So, I then built on it. There's a couple of other hand signals you can use for a reaction. So one of them would be if I just put my hand up. And all I'm doing is I'm putting my hand palm up, facing forward. That hand signal means that I also think that, or I also feel that. So, if you said to me, I've had a tough week. And I went like that (puts his hand up), that would mean I've also had a tough week, so we've...


00:21:36 Andy Goram

Me-too. A me-too sign.

00:21:38 Paul Hills

Yeah, me as well. Me as well, yeah. And so, we can connect then, so I can communicate with you. I haven't had to interrupt you and steal the conversation away, 'cause we know that only one person can really speak in Zoom in Teams. But you know, I'm listening, and you know better than that. I haven't just given you a thumbs up. I've also said I feel, or I think, or I have experienced the same issue. In fact, there would be another alternative. Let's say you said, I haven't had a great week, and I've actually had a brilliant week. I can't use that hand signal, 'cause that's not true, but I could put my hand to my heart. So, what I'm doing here is the signal you see..., I saw a footballer doing this the other day, but it's quite common usage. I'm really just connecting with the air by saying I hear what you're saying. I'm sending you some kindness or some kind thoughts, or you know that sounds not so good. I'm sending you some kind of saying that's really powerful. And I found those three hand signals alone really worked.

00:22:32 Andy Goram

And now look, hand signals on an audio podcast are an interesting medium, right, but that is why we have the joy of things like Instagram and Twitter and LinkedIn.

00:22:44 Paul Hills

Yes, yes.


00:22:45 Andy Goram

So, what we will do on the back of this Paul, for everybody listening, is that we will pull together these key signals, and do you have a name for these signals. Have you got a collective name for these things?


00:22:55 Paul Hills

Video meeting signals.


00:22:57 Andy Goram

OK, great, so we'll harness all this stuff, so you can hear me and Paul talk about these things and try and make a visual impression in your brain, but we will get the visuals out in the show notes. Don't you worry about that.

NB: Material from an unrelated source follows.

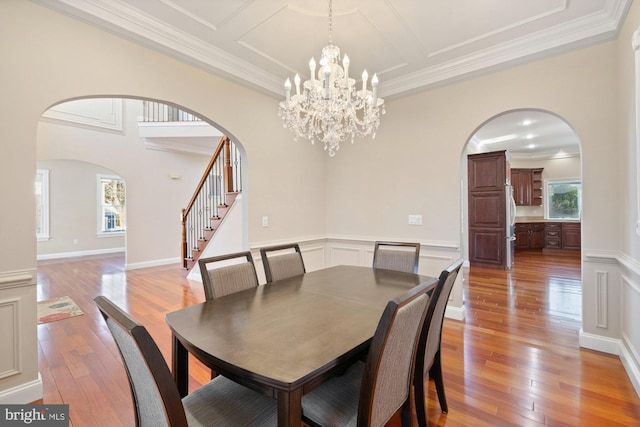 dining area featuring ornamental molding and light wood-type flooring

A man showing various hand gestures to signal emotion during a video meeting
A selection of the Video Meeting Signals (VMS). More are available at Konektis.org

00:23:08 Paul Hills

That's great, yeah. And that there was one other thing then that I... so they were three basic signals. But I realised as well, and this came up very often in my interviews, and I have now worked with over 60 teams, and I've got kind of interview and questionnaire data from about 600 people and a really common theme, in fact I’m running a session with a team this afternoon, and it's come up in their pre-session questionnaire feedback, which is, “I don't like the silences, and also I don't know how to speak. I don't know when to speak. It's really difficult to know.” And so, I thought, well, why don't we pass the conversation like we do in a, you know, in a football match or another team game, or a baton. Why don't we see the conversation like a baton that you have to pass. And I just made up some rules. Literally made up some rules and I said, let's just try this. So, we're going to commit now to not just stopping, but passing. So, it's my responsibility, if I'm speaking, to work out who goes next. And I have to pass and actually give people the sentence to use just to kick it off. They can vary it later on, but systems, why don't you just say, “I now pass to Andy.”

00:24:09 Andy Goram

Right.

00:24:10 Paul Hills

And I'm not allowed to stop until I've done my pass. So, I've passed to you and OK. So, the next question is, well, how do I know who to pass to? Well, we use another hand signal so this is where the lifeguard wave comes in. And on the podcast here I'm waving my hand above my head, as if I needed help in the sea. And it just means, “I’m just trying to say I'd like to speak next.” So, let's imagine you've given me a wave. That's great. I've got the signal. You haven't had to speak, and I say, “I pass to Andy.” And then there are variations on that.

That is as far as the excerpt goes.